Treatment approaches for systemic lupus erythematosus (SLE) patients with alopecia differ primarily in addressing the specific autoimmune-mediated hair loss along with general lupus management.
Alopecia in SLE often manifests as part of disease-specific skin lesions, reflecting the inflammatory or autoimmune activity that damages hair follicles. Management thus includes both systemic lupus treatment and targeted alopecia therapy to prevent further hair loss and promote regrowth. For alopecia areata, which can co-occur with autoimmune conditions like SLE, initial management may involve topical or systemic immunosuppressants; recent approvals include baricitinib for severe alopecia areata, which has shown significant efficacy in improving hair regrowth by targeting Janus kinase pathways involved in autoimmunity NICE CKS,SmPC Baricitinib,SmPC Olumiant. Additionally, potent topical corticosteroids are an option for alopecia areata and may be employed adjunctively NICE CKS.
For patients with SLE without alopecia, treatment focuses on systemic control of inflammation and organ involvement using antimalarials like hydroxychloroquine, corticosteroids, immunosuppressants, and increasingly, biologics for refractory disease. These therapies help manage fatigue, skin and joint involvement, and other systemic manifestations NHS Lupus,SmPC Hydroxychloroquin,Xie et al. 2025.
The presence of alopecia, especially when diagnosed as alopecia areata or lupus-related scarring alopecia, may prompt more aggressive localized treatment including topical corticosteroids and possible use of recently licensed systemic agents such as baricitinib for alopecia areata or telitacicept in refractory lupus skin manifestations including rare lupus erythematosus panniculitis NICE CKS,SmPC Baricitinib,SmPC Litfulo,SmPC Olumiant,Xie et al. 2025. Biological therapies targeting B-cell survival factors (eg, telitacicept) show promise in severe lupus skin damage that may accompany alopecia, assisting in both systemic disease remission and skin lesion healing Xie et al. 2025.

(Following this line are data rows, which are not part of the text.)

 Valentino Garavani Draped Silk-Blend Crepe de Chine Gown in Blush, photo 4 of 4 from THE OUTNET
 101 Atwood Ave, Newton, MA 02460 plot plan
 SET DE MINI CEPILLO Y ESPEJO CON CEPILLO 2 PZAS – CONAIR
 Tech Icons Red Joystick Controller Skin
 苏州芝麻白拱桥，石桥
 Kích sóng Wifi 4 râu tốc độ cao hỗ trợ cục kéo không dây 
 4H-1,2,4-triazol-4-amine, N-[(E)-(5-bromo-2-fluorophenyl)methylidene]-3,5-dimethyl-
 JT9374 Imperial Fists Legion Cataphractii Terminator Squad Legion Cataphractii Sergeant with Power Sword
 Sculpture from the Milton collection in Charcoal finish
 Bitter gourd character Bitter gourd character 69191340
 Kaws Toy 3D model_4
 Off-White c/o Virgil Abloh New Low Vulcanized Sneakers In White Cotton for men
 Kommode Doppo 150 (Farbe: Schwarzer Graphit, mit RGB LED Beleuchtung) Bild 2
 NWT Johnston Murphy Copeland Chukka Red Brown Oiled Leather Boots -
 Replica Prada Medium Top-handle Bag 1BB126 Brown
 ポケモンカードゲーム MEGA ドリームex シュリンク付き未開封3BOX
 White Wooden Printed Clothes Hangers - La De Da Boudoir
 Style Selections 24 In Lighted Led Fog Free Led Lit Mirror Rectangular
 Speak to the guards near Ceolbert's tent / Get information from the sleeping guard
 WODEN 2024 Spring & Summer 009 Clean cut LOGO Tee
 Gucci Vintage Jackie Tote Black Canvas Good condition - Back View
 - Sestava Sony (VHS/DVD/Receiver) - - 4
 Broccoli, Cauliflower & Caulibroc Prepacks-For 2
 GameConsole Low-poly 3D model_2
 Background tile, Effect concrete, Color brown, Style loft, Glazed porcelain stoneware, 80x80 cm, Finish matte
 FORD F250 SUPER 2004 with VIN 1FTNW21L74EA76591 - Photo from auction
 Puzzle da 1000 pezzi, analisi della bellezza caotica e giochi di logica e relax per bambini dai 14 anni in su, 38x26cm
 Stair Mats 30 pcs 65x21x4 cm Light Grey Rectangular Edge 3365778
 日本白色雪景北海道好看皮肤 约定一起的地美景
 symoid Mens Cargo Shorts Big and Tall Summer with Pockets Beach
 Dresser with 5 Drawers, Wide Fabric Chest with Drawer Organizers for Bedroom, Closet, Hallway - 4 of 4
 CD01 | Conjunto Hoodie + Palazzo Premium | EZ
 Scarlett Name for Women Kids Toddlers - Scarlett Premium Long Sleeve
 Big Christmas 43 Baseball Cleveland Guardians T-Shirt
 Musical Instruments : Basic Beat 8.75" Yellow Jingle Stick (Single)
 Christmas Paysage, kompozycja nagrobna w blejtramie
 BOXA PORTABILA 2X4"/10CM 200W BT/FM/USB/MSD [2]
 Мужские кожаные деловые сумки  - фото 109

In summary, SLE patients with alopecia require a combined approach addressing both systemic autoimmune activity and localized hair follicle inflammation, often blending traditional lupus treatments with specialized alopecia therapies. Those without alopecia typically receive standard SLE management without targeted hair loss treatments. Future treatment strategies increasingly incorporate biologic agents tailored to the patient’s disease phenotype, including alopecia presence or absence NICE CKS,NHS Lupus,SmPC Olumiant,Xie et al. 2025.
Key References
- NICE CKS: Alopecia areata
- NICE CKS: Female pattern hair loss (female androgenetic alopecia)
- SmPC: Baricitinib Lilly
- SmPC: Litfulo 50mg hard capsules
- NHS: Lupus
- SmPC: Olumiant 2 mg and 4 mg Film-Coated Tablets
- SmPC: Hydroxychloroquine Sulfate 200mg film-coated tablets
- (Alharbi et al., 2025): Discoid lupus erythematosus and its progression to systemic lupus erythematosus across age groups: a systematic review.
- (Childs and Merola JF., 2025): From the Masterclasses in Dermatology 2025 Meeting: Practical Approaches to Cutaneous and Systemic Lupus for Dermatologists.
- (Xie et al., 2025): The Potential of Telitacicept in Treating Lupus erythematosus panniculitis: A Case Report.